Austin had the kind of weekend no city wants to see: scattered gunfire, stolen vehicles, robbery reports, injured victims, and police trying to piece together what appeared to be a string of random shootings across different parts of town.

According to FOX 7 Austin, three suspects were taken into custody after what police described as a weekend-long series of apparently random shootings, vehicle thefts, and robberies across South and East Austin.

That is a lot for one city to absorb in one stretch.

Police said the incidents unfolded from Saturday afternoon into Sunday morning. At first, it may have looked like separate calls spread across different neighborhoods. Then the pattern started to come together: multiple shootings, multiple scenes, stolen vehicles, and people getting hurt with no clear reason why they had been targeted.

KSAT reported through the Associated Press that at least 10 random weekend shootings left four people injured. FOX 7 later reported that authorities believed there were 12 separate shooting incidents connected to the case.

That number is hard to process.

Most people think of a shooting as one scene. One location. One emergency response. But this was not one isolated moment. This was a series of calls across the city, with officers trying to determine whether the same suspects were moving from place to place.

Police said the suspects were teenagers.

That detail makes the whole story feel even more unsettling. Three young suspects, multiple vehicles, and a trail of gunfire across Austin is not just a crime story. It is the kind of situation that makes people wonder how fast a weekend can spiral when guns, stolen cars, and bad decisions come together.

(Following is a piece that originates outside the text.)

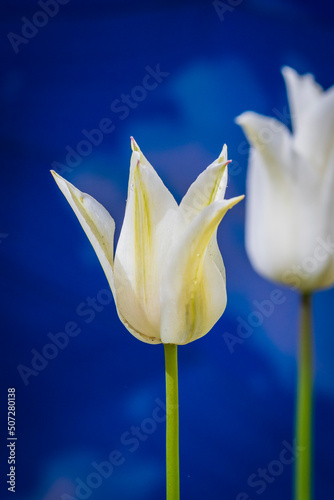 Tulip flower white color close-up macro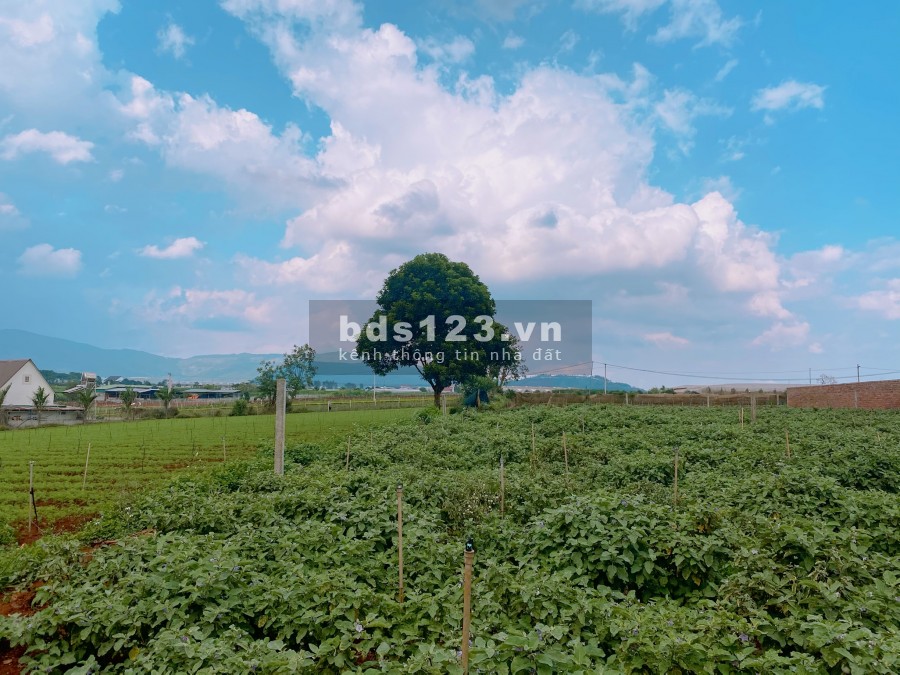 Bán 10m mặt tiền Bồng Lai gía 2 tỷ 620 triệu gần Novaworld Đạ Ròn Lâm Đồng. Thuận tiện kinh doanh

Authorities said four people were injured. One person was critically wounded but later listed as stable, according to FOX 7. Multiple buildings were also struck by gunfire, including two fire stations.

That detail stands out.

A fire station is supposed to be one of the safest places in a community. It is where people go for help. It is where emergency crews respond from when someone else is in danger. The idea of fire stations being hit by gunfire during a random shooting spree adds another layer of disbelief to the story.

Police said the incidents involved at least four stolen vehicles. Investigators were also looking at robberies connected to the same timeline. That made the situation more complicated because officers were not just tracking shootings. They were also trying to connect vehicles, suspects, victims, and scenes spread across different parts of Austin.

The motive was not immediately clear.

That may be the scariest part for the public. When police describe shootings as random, people naturally start asking whether anyone could have been in the wrong place at the wrong time. Someone driving home. Someone outside an apartment. Someone working at a fire station. Someone simply existing near the path of the suspects.

Random violence makes a city feel different because there is no obvious conflict to explain it.

By Sunday, police had announced arrests. The suspects were in custody, and investigators continued working through the evidence. That likely includes shell casings, damaged vehicles, surveillance video, witness accounts, and any connections between the shooting scenes.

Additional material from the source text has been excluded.